The girls are healthy, attractive, erotic, natural and free, often holding fruit in their hands, and on their way to what seems like an eternal picnic. And while the hats, some composed out of fruit, suitcases and wide skirts, might give them a feeling of other- worldliness, they are thoroughly modern and contemporary as far as their freedom and lack of inhibitions are concerned.
The works are executed in a style that could be described as an idealised form of realism, with an earthy and rich aesthetic approach, bright colours dipped in the light of an intensely yellow sun which also accentuates the shadows in the background.

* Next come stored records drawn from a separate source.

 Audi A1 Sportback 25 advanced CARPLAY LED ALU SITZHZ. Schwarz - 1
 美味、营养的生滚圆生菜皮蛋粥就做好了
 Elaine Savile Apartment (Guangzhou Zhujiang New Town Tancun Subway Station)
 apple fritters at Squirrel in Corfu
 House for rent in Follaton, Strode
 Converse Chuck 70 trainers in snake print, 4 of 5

On the other hand, and in sharp contrasts, there are the depictions of Jesus, often in a more archaic, simpler and crude style reminiscent of times as remote as the middle ages.

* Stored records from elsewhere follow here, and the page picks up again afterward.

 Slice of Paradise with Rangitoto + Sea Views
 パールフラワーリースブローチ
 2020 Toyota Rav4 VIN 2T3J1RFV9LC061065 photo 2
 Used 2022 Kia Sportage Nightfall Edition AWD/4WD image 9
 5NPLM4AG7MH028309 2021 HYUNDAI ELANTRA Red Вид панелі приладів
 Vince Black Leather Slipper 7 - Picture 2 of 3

While the erotically-laden girls, surrounded by symbols of fertility, could be seen as representations of the songs of Solomon, they also remind of an earlier pre-historic fertility cult, characteristics of which have been projected in the Catholic and Orthodox churches on the person of the Mother of Jesus.
According to Carl Gustav Jung there are similarities between the cult of the Earth goddess, who is also a goddess of death, and Christianity in as far as the emphasis on the birth and death of Christ are concerned, making it possible to reconcile aspects from the older pagan fertility cult with the Christian doctrine.
The difference, however, is that, while the fertility cult is concerned with the ongoing cycles of life and death on Earth, by dying and going to heaven Christ transcended these earthly cycles.
And while eroticism and fertility are by no means irreconcilable with Christianity, the work depicting the beautiful girls on the one hand and Jesus Christ on the other are from a stylistic point of view clearly not integrated.
A stylistic integration of these two different styles might lead to interesting new developments in the work of this remarkable artist.